The problem is that the calculation of all combinations takes way too long to complete, apparently couple of days. Is there a known algorithm that could solve this efficiently? Ideally couple of minutes maximum?
Input sentences:
More RVs were seen in the storage lot than at the campground.
She did her best to help him. There have been days when I wished to be separated from my body, but today wasn’t one of those days.
The swirled lollipop had issues with the pop rock candy.
The two walked down the slot canyon oblivious to the sound of thunder in the distance.
Acres of almond trees lined the interstate highway which complimented the crazy driving nuts.
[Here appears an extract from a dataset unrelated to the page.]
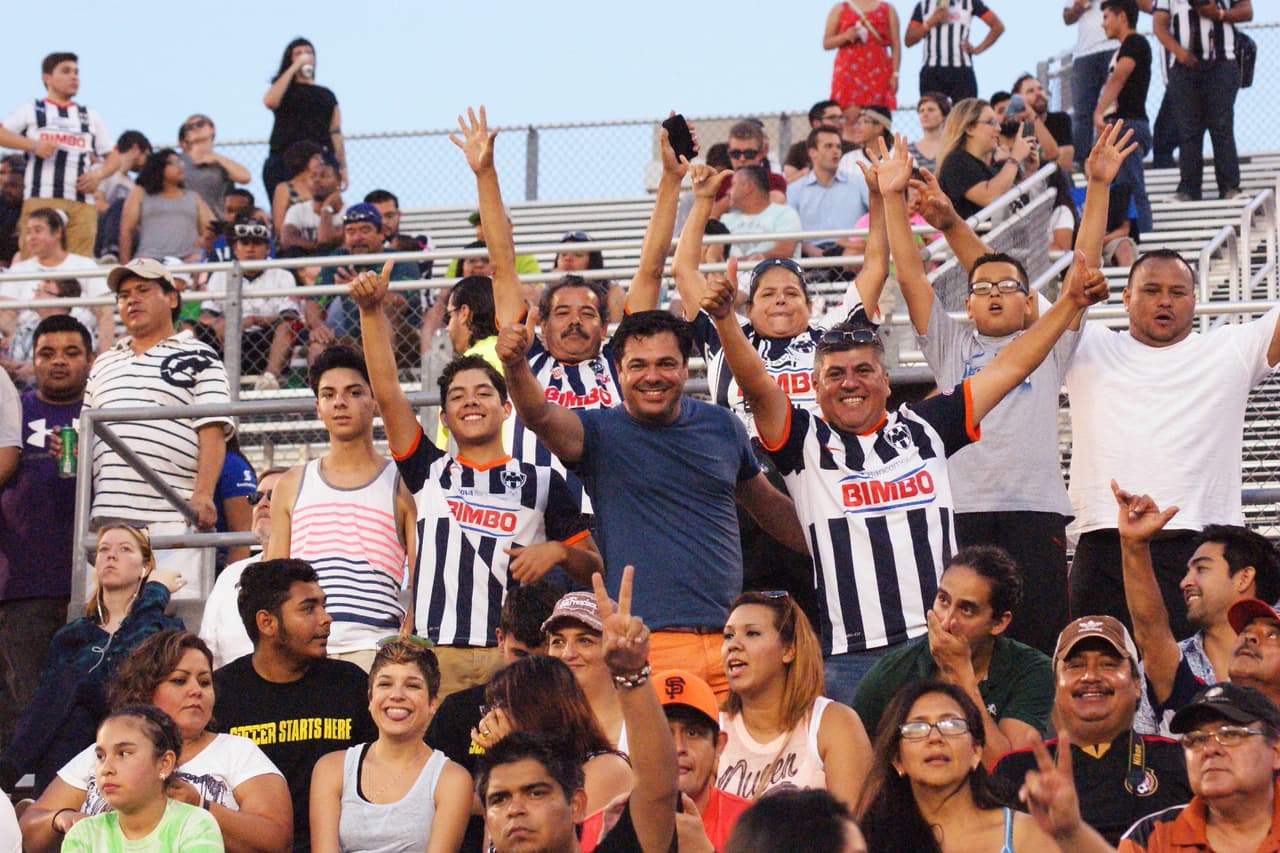 Aficionados al fútbol mexicano disfrutaron del encuentro en Austin.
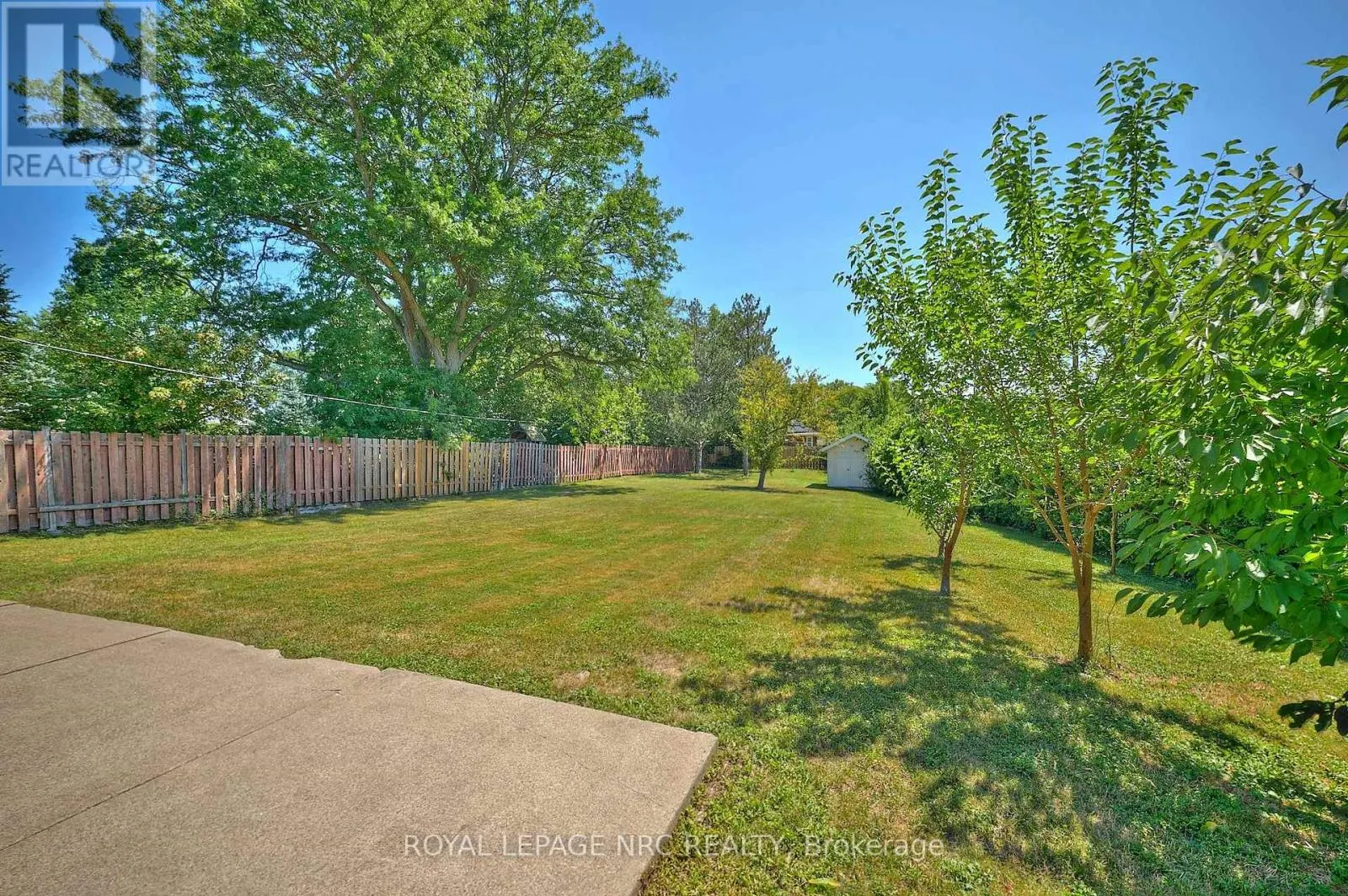 22 OAKRIDGE AVENUE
He is no James Bond; his name is Roger Moore.
The tumbleweed refused to tumble but was more than willing to prance.
She was disgusted he couldn’t tell the difference between lemonade and > limeade.
He didn’t want to go to the dentist, yet he went anyway.
Find combination of sentences that match the following frequency table closest:
[a:5, b:5, c:5, d:5, e:5, f:5, g:5, h:5 ..... z:5]
Example:
Frequency table of sixth sentence
He is no James Bond; his name is Roger Moore.
is [a:2, e:5, g:1, h:1, i:3, j:1, m:3, n:3, o:5, r:3, s:4]
Frequency table takes upper and lower equal and excludes special characters.
Whenever someone find a combination of sentences with 3c, 3a, 3b, 3d or 30c, 30a, 30b, 30d from the following sentences with 5% above or below it can be solved.
S1: aaaaaaaaaaaaaaaaaa bbbbbb c
S2: aaaaaaaa bbbbbbbb d
S3: aaaaaaaaaaa bbbbbbbbb c dd
S4: aaaaaaaaaa bbbbbbbb
Be realistic. There is No solution, not NP-hard nor NP-complete, No solution. The number of occurrence of letters in a sentence (for example vowels like i or a) is not equal to others (like x or w). We can just find best matches like the code provided here or change the requirement. I tried to solve this with KnapSack algorithm and Euclidean distance and Standard deviation, but none gives me such answer since there is no sentence with the same size of letters.